For now, I went back to regular Dockerfiles. There are also nice things doing so, but I'm feeling like we're missing a tool right now, especially when we build multiple variants of the same image, (like someapp, someapp-with-ml-libraries, someapp-for-prod, etc.) which share a lot of build steps and forces to duplicate large parts of dockerfiles, as of now. And feeling the pain again of not having the package manager downloads cached ... I guess this step back is what is needed to make the two step forward soon with buildkit-based awesomeness.

Still we're not quite there. :)

We use MOUNT feature to pass ssh-authentication-agent, like:

MOUNT {{ .Env.SSH_AUTH_SOCK }}:/ssh-agent
ENV SSH_AUTH_SOCK=/ssh-agent

This allow build-process to pull a private git repo. With this trick, everyone with access to the private repo, can build it (an there is no need to push credentials in docker-file, or similar place), and it integrates well with jenkins.

This can be done ONLY with real mount (which makes mounting sockets available), and not achievable with copy-like commands.

So I realised that with a fair bit of messing around you can always simulate MOUNT by running an image with -v where you'd normally mount stuff, run some scripts to install packages and then convert that back to an image that can be used as a base in a normal Dockerfile.

# build all our deps in to it
args=(
	docker run -it
	-v "$PWD/.cache/yum:/var/cache/yum"
	-v "$PWD:/scripts"
	--name "$name"-tmp
	"$mybaseimage"
	/scripts/install_packages.sh
)
"${args[@]}"

# convert it to an image
docker stop "$name"-tmp
docker commit "$name"-tmp "$name"-tmp-image

# do some more docker buildy stuff to it
tmpdir=.tmpbuild-$$
mkdir "$tmpdir"
(
	echo "FROM $name-tmp-image"
	echo WORKDIR /foo
	# ... whatever else you'd normally do in a Dockerfile ...
) > "$tmpdir/Dockerfile"
docker build -t "$name"-image "$tmpdir"
rm -rf -- "$tmpdir"

Ugly, but I think I can get the desired behaviour without having to rely on Rocker.

@neerolyte I was telling on a lot of build scripts like this before I found rocker, (building contexts in tars that you pipe in another docker build command ...) the main problem is that it is complex and hard to maintain ...

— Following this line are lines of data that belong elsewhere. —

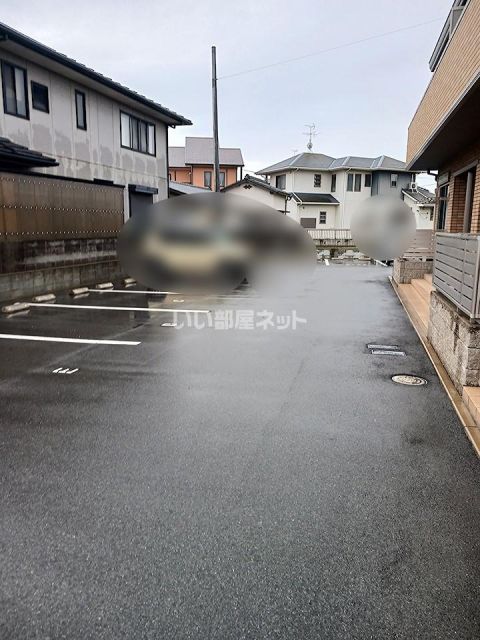 ラグドール Bのその他写真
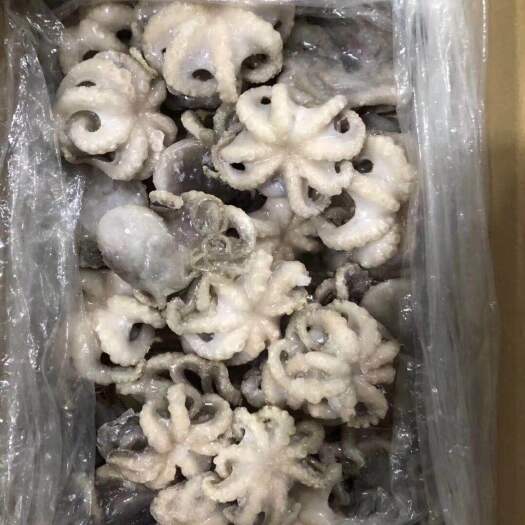 东港市 迷你八爪鱼 厂家直供 Q弹有嚼劲 炒菜入味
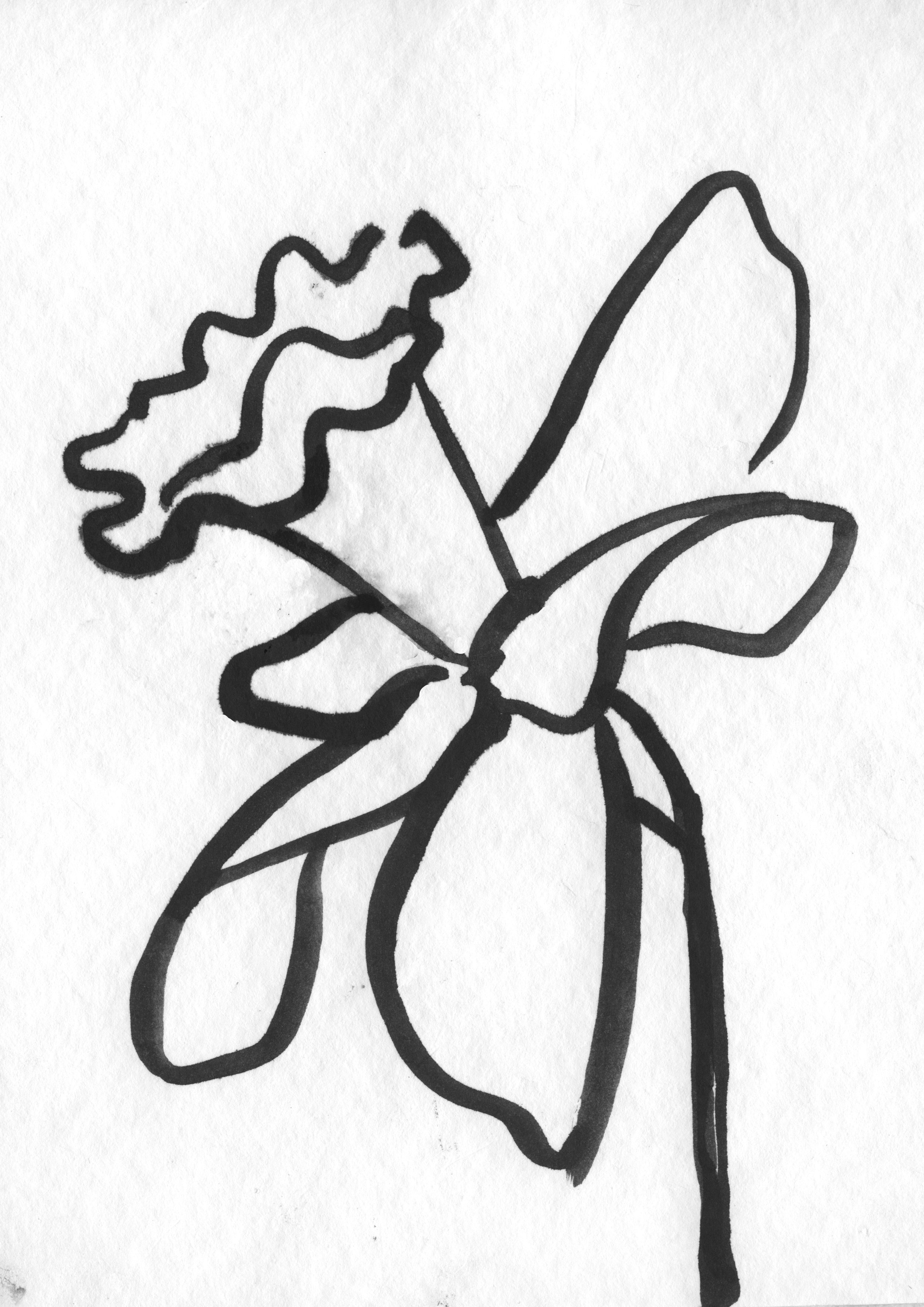 Sarah Hankinson Ink Drawings10.jpg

MOUNT and ATTACH were always my aces in the hole for quickly and easily debugging issues during build processes, and nothing else has really replicated their ease of use yet as far as I know.

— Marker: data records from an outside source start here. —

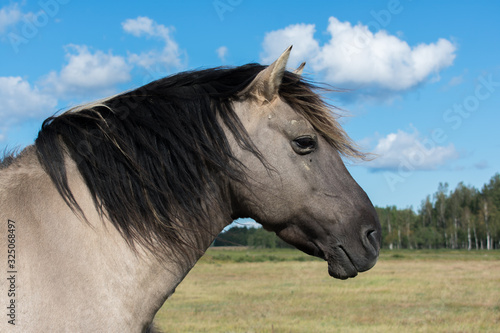 Close up portrait of wild konik polski or Polish primitive horse at Engure Lake Nature Park, Latvia. Forest and cloudy blue sky background. photo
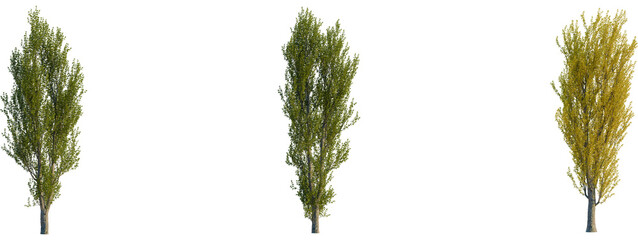 Populus nigra tree, front view, cutout, transparent background, isolate, Lone tree in vast field,...
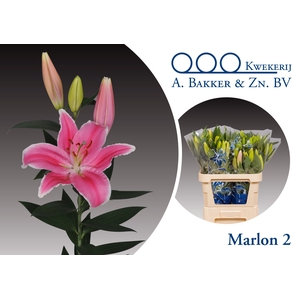 LI OR MARLON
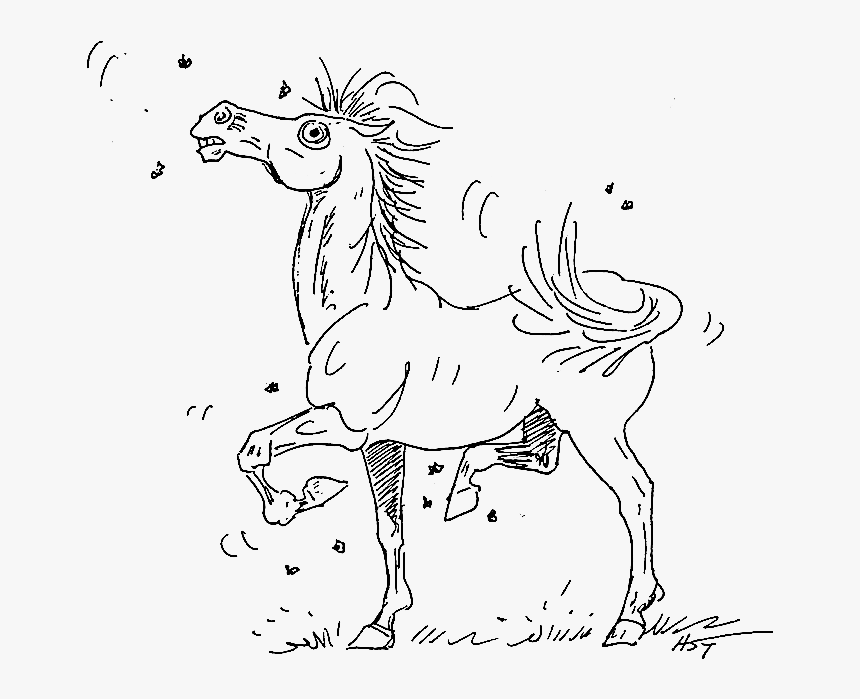 Fighting Flies - Cartoon - Cartoon, HD Png Download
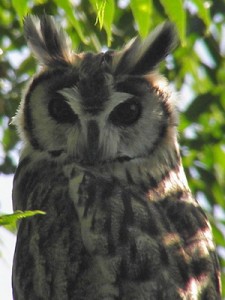 Lechuzón orejudo/Striped Owl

I know the above isn't really contributing much value to this ticket but I felt I needed to mourn the loss of rocker after using it constantly for ~2 years :) Thanks for keeping it going as long as you did guys

I have been using gitlab-ci as a replacement to MOUNT for some time now.
Example
For node base projects I set up something like this https://gist.github.com/Larry1123/b9ad384b16035f4200ee4adb3736b67f and just do a COPY of the resulting node_modules and dist files in the Dockerfile.
I'm able to have a cache for any number of types of build tools.
The only issue I have with my current workflow using gitlab-ci is that it is much harder to debug a build without manually following the steps I have setup, as the gitlab-ci does not at this time provide a good way to run locally for dev.
I did not know about the new multi-stage-builds in docker.

I had liked using rocker a lot, but only started using rocker about a year ago and the project had started to look unsupported so I was tring to use only what I could not find in other tools that had support. The mulit-stage-builds along with still using gitlab-ci as part of my build stack, for the most part should cover what rocker did.
I wish there was one tool that covered everything better.

I hope that for those that it can help with sharing what I use in place of mount will help.

Just wanted to note, we have a similar issue around cache invalidation at SeatGeek, and built https://github.com/seatgeek/docker-build-cacher . This works pretty well for our use-case, but may not work for every MOUNT use-case. Posting it here in case it helps anyone (I landed here for other reasons).

Meanwhile, buildkit has been merged into the mainstream as experimental functionality. That means, soon we are probably to see native robust caching. Haven't tried that yet though.